**What to work on:** Below are some records; output exactly the lines from the line with "Lightexpert LED Dimmer" to the line with "[Used] Sangacio |", both ends kept, and nothing more.

•••••

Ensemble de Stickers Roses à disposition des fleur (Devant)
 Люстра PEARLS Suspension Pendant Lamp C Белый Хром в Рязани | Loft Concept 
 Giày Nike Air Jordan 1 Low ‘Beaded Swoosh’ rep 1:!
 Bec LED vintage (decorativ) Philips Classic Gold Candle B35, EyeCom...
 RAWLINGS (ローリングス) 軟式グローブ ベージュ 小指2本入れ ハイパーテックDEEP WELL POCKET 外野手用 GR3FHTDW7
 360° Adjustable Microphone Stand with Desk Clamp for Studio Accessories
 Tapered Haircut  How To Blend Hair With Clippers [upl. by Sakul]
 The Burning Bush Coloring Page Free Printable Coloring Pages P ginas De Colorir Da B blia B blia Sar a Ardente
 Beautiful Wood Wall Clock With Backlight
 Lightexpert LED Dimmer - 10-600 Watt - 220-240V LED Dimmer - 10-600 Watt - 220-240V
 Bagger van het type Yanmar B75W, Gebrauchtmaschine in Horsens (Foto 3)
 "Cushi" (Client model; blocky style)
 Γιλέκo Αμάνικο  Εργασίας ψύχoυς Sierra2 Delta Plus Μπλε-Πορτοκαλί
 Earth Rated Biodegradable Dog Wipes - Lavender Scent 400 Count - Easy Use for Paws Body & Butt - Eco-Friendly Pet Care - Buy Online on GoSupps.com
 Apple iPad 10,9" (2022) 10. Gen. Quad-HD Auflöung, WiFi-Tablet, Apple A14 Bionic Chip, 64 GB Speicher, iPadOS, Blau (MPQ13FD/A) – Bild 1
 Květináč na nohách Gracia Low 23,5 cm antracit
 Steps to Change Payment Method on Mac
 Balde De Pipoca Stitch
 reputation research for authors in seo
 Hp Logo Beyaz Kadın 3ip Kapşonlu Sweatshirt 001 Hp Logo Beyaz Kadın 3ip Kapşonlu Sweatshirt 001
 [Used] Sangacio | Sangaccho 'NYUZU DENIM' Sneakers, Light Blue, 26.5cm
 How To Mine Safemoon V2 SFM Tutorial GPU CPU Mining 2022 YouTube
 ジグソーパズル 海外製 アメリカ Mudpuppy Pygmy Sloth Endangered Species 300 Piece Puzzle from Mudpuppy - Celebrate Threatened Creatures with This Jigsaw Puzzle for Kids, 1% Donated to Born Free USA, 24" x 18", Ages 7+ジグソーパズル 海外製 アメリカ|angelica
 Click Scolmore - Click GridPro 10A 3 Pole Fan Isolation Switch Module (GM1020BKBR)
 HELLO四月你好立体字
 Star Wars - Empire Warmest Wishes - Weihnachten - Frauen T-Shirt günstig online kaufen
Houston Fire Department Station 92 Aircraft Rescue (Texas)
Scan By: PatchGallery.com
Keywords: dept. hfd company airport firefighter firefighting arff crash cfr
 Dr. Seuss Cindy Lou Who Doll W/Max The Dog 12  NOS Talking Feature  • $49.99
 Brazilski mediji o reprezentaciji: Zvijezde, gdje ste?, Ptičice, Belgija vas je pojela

•••••

**Exercise result:**
 Lightexpert LED Dimmer - 10-600 Watt - 220-240V LED Dimmer - 10-600 Watt - 220-240V
 Bagger van het type Yanmar B75W, Gebrauchtmaschine in Horsens (Foto 3)
 "Cushi" (Client model; blocky style)
 Γιλέκo Αμάνικο  Εργασίας ψύχoυς Sierra2 Delta Plus Μπλε-Πορτοκαλί
 Earth Rated Biodegradable Dog Wipes - Lavender Scent 400 Count - Easy Use for Paws Body & Butt - Eco-Friendly Pet Care - Buy Online on GoSupps.com
 Apple iPad 10,9" (2022) 10. Gen. Quad-HD Auflöung, WiFi-Tablet, Apple A14 Bionic Chip, 64 GB Speicher, iPadOS, Blau (MPQ13FD/A) – Bild 1
 Květináč na nohách Gracia Low 23,5 cm antracit
 Steps to Change Payment Method on Mac
 Balde De Pipoca Stitch
 reputation research for authors in seo
 Hp Logo Beyaz Kadın 3ip Kapşonlu Sweatshirt 001 Hp Logo Beyaz Kadın 3ip Kapşonlu Sweatshirt 001
 [Used] Sangacio | Sangaccho 'NYUZU DENIM' Sneakers, Light Blue, 26.5cm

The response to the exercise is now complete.